Records contained in a dataset
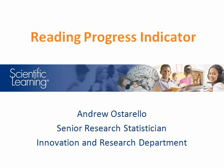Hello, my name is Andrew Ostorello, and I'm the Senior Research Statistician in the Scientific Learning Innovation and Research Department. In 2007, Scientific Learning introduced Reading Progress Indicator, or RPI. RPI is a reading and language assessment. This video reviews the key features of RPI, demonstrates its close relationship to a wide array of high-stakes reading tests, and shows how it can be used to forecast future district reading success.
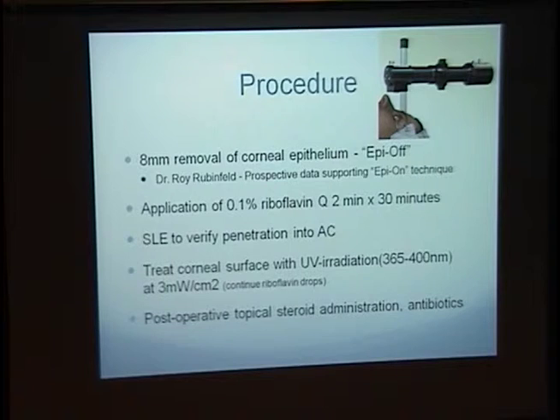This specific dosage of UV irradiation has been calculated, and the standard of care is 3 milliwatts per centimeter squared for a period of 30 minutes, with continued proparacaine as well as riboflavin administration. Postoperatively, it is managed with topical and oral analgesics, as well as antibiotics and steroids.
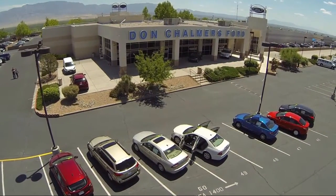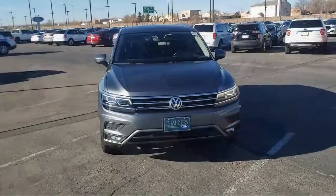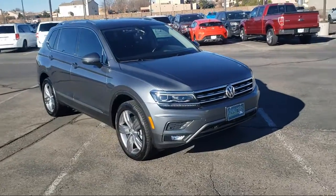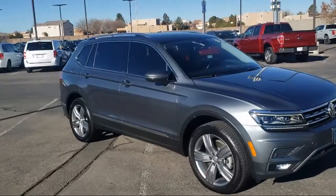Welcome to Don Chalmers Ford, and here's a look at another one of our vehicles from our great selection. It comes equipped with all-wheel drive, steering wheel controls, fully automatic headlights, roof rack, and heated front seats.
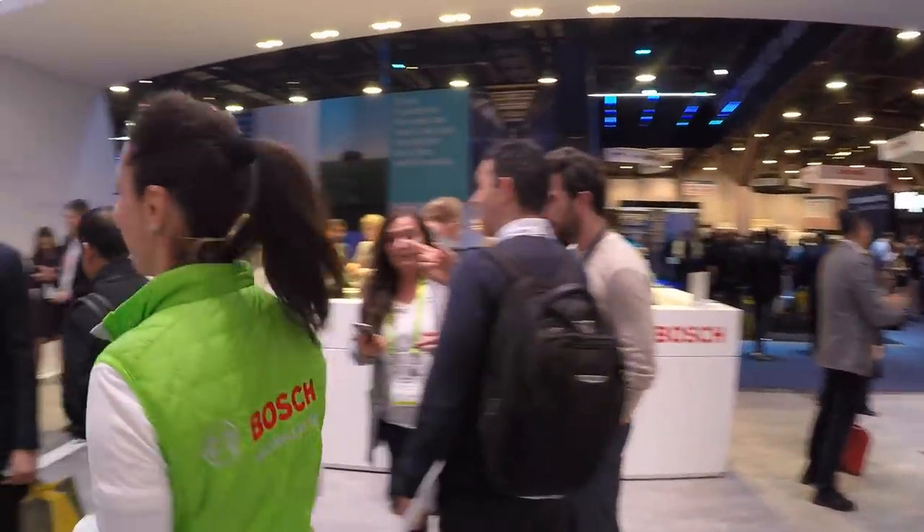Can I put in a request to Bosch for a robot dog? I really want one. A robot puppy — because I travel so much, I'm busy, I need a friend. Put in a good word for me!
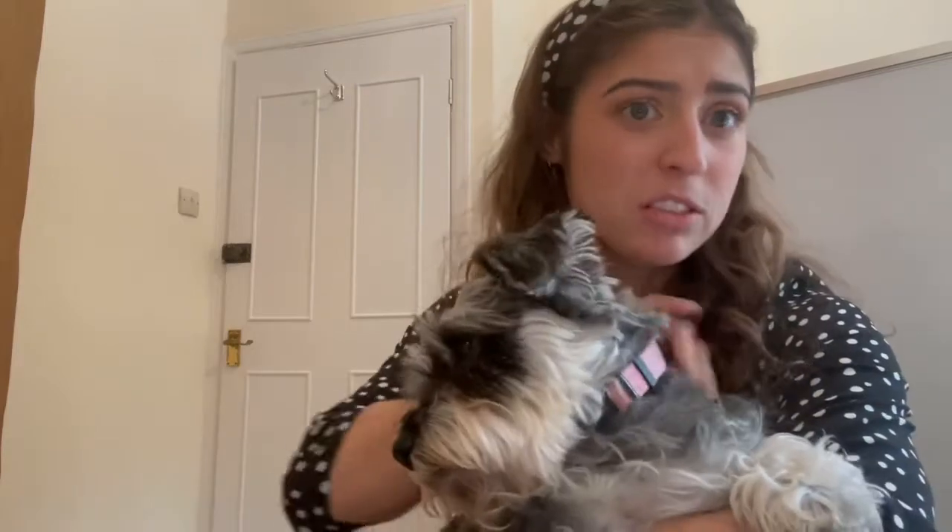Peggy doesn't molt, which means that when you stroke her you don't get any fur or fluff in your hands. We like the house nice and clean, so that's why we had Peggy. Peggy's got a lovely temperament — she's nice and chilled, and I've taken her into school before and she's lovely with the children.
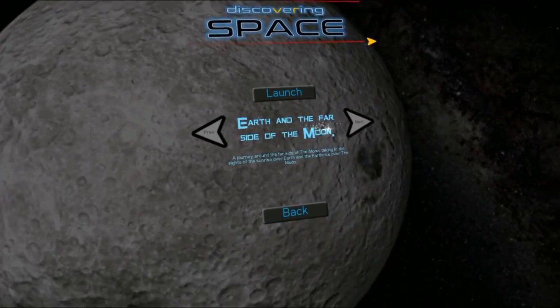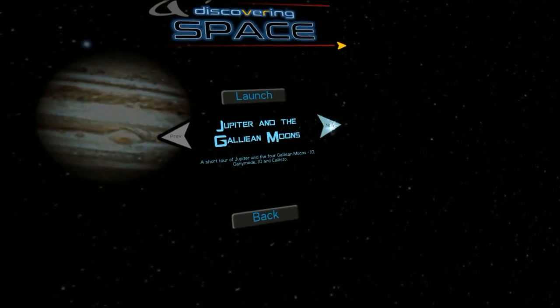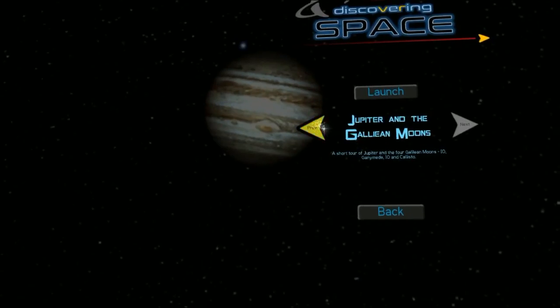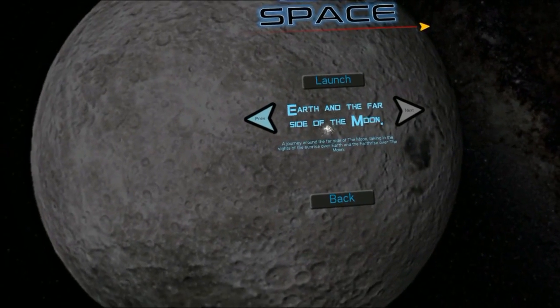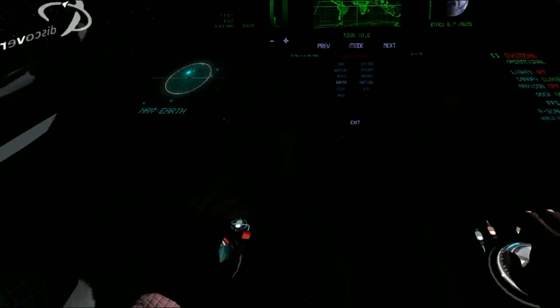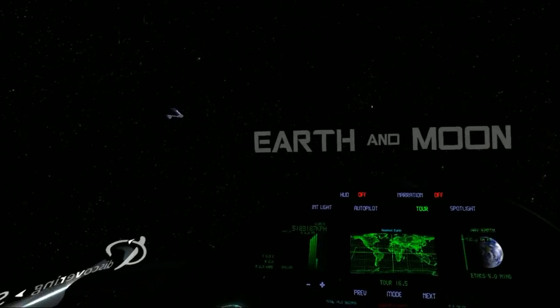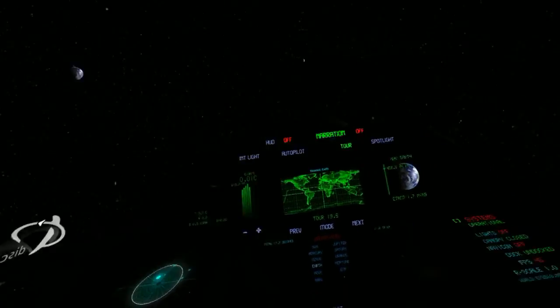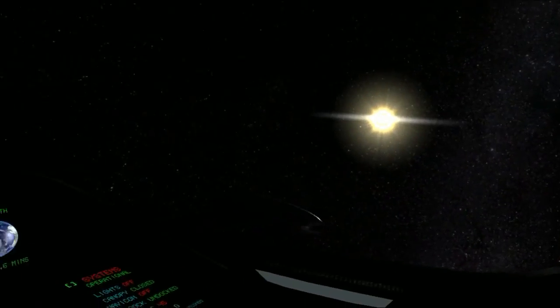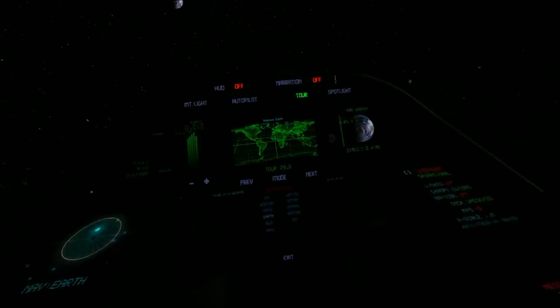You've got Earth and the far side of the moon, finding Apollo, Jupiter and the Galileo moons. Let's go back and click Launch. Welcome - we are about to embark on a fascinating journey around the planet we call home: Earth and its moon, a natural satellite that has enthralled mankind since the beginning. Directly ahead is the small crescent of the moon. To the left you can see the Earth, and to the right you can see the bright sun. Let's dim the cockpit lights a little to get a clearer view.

* [WORK REQUIRED]: Among the entries above, take the line with "Welcome to Don", the line with "Peggy doesn't molt, which", and all the lines between them, and restate them word for word without pictures.

* [YOUR SOLUTION]:
Welcome to Don Chalmers Ford, and here's a look at another one of our vehicles from our great selection. It comes equipped with all-wheel drive, steering wheel controls, fully automatic headlights, roof rack, and heated front seats.
Can I put in a request to Bosch for a robot dog? I really want one. A robot puppy — because I travel so much, I'm busy, I need a friend. Put in a good word for me!
Peggy doesn't molt, which means that when you stroke her you don't get any fur or fluff in your hands. We like the house nice and clean, so that's why we had Peggy. Peggy's got a lovely temperament — she's nice and chilled, and I've taken her into school before and she's lovely with the children.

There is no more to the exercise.